■ TASK OBJECTIVE: What lines in the listing below hold the string "with"? Please copy them out.

Start of Block

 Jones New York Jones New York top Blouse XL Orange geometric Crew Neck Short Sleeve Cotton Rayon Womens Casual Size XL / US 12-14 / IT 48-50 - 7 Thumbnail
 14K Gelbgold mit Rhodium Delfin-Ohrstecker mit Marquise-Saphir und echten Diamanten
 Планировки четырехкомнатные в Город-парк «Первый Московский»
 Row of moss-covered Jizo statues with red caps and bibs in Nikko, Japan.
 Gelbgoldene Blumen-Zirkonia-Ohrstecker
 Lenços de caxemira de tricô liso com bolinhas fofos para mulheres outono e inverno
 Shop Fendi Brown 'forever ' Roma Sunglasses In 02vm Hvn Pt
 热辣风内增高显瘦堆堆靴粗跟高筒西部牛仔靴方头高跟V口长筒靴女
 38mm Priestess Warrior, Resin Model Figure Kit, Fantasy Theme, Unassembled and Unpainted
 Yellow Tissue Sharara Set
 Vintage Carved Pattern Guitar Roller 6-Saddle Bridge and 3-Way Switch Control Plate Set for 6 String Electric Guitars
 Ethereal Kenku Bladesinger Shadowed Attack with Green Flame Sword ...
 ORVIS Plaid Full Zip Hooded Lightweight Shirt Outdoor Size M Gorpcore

End of Block

■ FINISHED TASK:
 Row of moss-covered Jizo statues with red caps and bibs in Nikko, Japan.
 Ethereal Kenku Bladesinger Shadowed Attack with Green Flame Sword ...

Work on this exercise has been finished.